Intel® VTune™ Amplifier XE and Intel® VTune™ Amplifier for Systems Help
To run an analysis from command line, use any of the following actions:
To run an analysis from the command line, do the following:
For a list of available predefined analysis types, enter:
amplxe-cl -help collect
Intel® VTune™ Amplifier displays all collection options and provides a list of available predefined analyses that can be categorized into the following analysis modules:
Analysis Type |
Description |
---|---|
hotspots | Analyze application flow and identify sections of code that take a long time to execute (hotspots). |
advanced-hotspots | Extend the hotspots analysis by collecting call stacks, context switch and statistical call count data as well as analyzing the CPI (Cycles Per Instruction) metric. |
concurrency | Collect data on how an application is using available logical CPU cores, discover where parallelism is incurring synchronization overhead, and identify potential candidates for parallelization. |
locksandwaits | Identify where an application is waiting on synchronization objects or I/O operations, and discover how these waits affect the application performance. |
hpc-performance | Identify opportunities to optimize CPU, memory, and FPU utilization for compute-intensive or throughput applications.
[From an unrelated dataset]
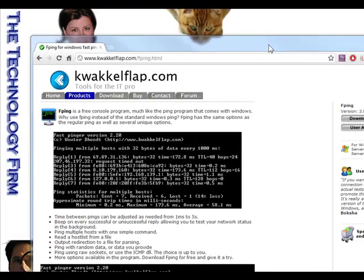Good day, it's Tony Fortunato from the Technology Firm. Found a neat little utility I thought you might like called F-Ping — F as in Frank, so F-Ping.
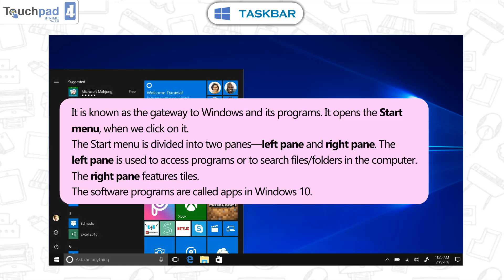Start button. It is known as the gateway to Windows and its programs. It opens the start menu when we click on it. The start menu is divided into two panes: left pane and right pane. The left pane is used to access programs or to search files/folders in the computer. The right pane features tiles. The software programs are called apps in Windows 10.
The HPC Performance Characterization analysis type is a starting point for understanding the performance landscape of your application. Use this analysis type to improve application performance by increasing the number of floating-point operations per second (GFLOPS) and reducing the overall application run time. The analysis collects data related to CPU, memory, and FPU utilization. Additional scalability metrics are available for applications that use OpenMP* or MPI runtime libraries. |
general-exploration | Collect hardware events for analyzing a typical client application. This analysis calculates a set of predefined ratios used for the metrics and facilitates identifying hardware-level performance problems. |
memory-access | Identify memory-related issues, like NUMA problems and bandwidth-limited accesses, and attribute performance events to memory objects (data structures), which is provided due to instrumentation of memory allocations/de-allocations and getting static/global variables from symbol information. |
sgx-hotspots | Analyze hotspots inside security enclaves for systems with the Intel Software Guard Extensions (Intel SGX) feature enabled. This analysis type uses the INST_RETIRED.PREC_DIST hardware event that emulates precise clockticks and helps identify performance-critical program units inside enclaves. |
tsx-exploration | Collect events that help understand Intel Transactional Synchronization Extensions (Intel TSX) behavior and causes of transactional aborts. |
tsx-hotspots | Monitor the UOPS_RETIRED.ALL_PS hardware event that emulates precise clockticks and identify performance-critical program units inside transactions. |
cpugpu-concurrency | Explore code execution on the various CPU and GPU cores in your system, correlate CPU and GPU activity and identify whether your application is GPU or CPU bound. |
gpu-hotspots | Identify Graphics Processing Unit (GPU) tasks with high GPU utilization and estimate the effectiveness of this utilization. This analysis type is intended for analysis of applications that use a GPU for rendering, video processing, and computations with explicit support of Intel® Media SDK and OpenCL™ software technology. |
disk-io | Monitor utilization of the disk subsystem, CPU and processor buses. This analysis type uses the hardware event-based sampling collection and system-wide Ftrace* collection to provide a consistent view of the storage sub-system combined with hardware events and an easy-to-use method to match user-level source code with I/O packets executed by the hardware. |
system-overview | NoteThe System Overview analysis is supported only with the Intel® VTune™ Amplifier for Systems. Evaluate general behavior of Linux* or Android* target systems and correlate power and performance metrics with IRQ handling. |
For a list of available custom analysis types, enter:
amplxe-cl -help collect-with
Intel® VTune™ Amplifier displays all collection options and provides a list of available collection types that can used for custom analysis:
Collector | Description |
---|---|
runsa | Profile your application using the counter overflow feature of the Performance Monitoring Unit (PMU). |
runss | Profile the application execution and take snapshots of how that application utilizes the processors in the system. The collector interrupts a process, collects the value of all active instruction addresses and captures a calling sequence for each of these samples. |
To run a predefined performance analysis from the command line, enter:
amplxe-cl -collect <analysis_type> [-knob <knobName=knobValue>] [--] <target>
where
<analysis_type> is the type of analysis to run. To see the list of available analysis types, enter:
amplxe-cl -help collect
-knob is a configuration option that modifies the analysis
[knobName=knobValue] is the name of the specified knob and its value
<target> is the path and name of the application to analyze
To run a custom analysis from the command line, enter:
amplxe-cl -collect-with <collection_type> [-knob <knobName=knobValue>] [--] <target>
where
<collection_type> is the type of analysis to run. To see the list of available collection types, enter:
amplxe-cl -help collect-with
<-knob> is an option that configures the analysis
[knobName=knobValue] is the name of specified knob and its value
<target> is the path and name of the application to analyze
After collecting performance results for your target, you can view the results in the GUI or generate a formatted analysis report.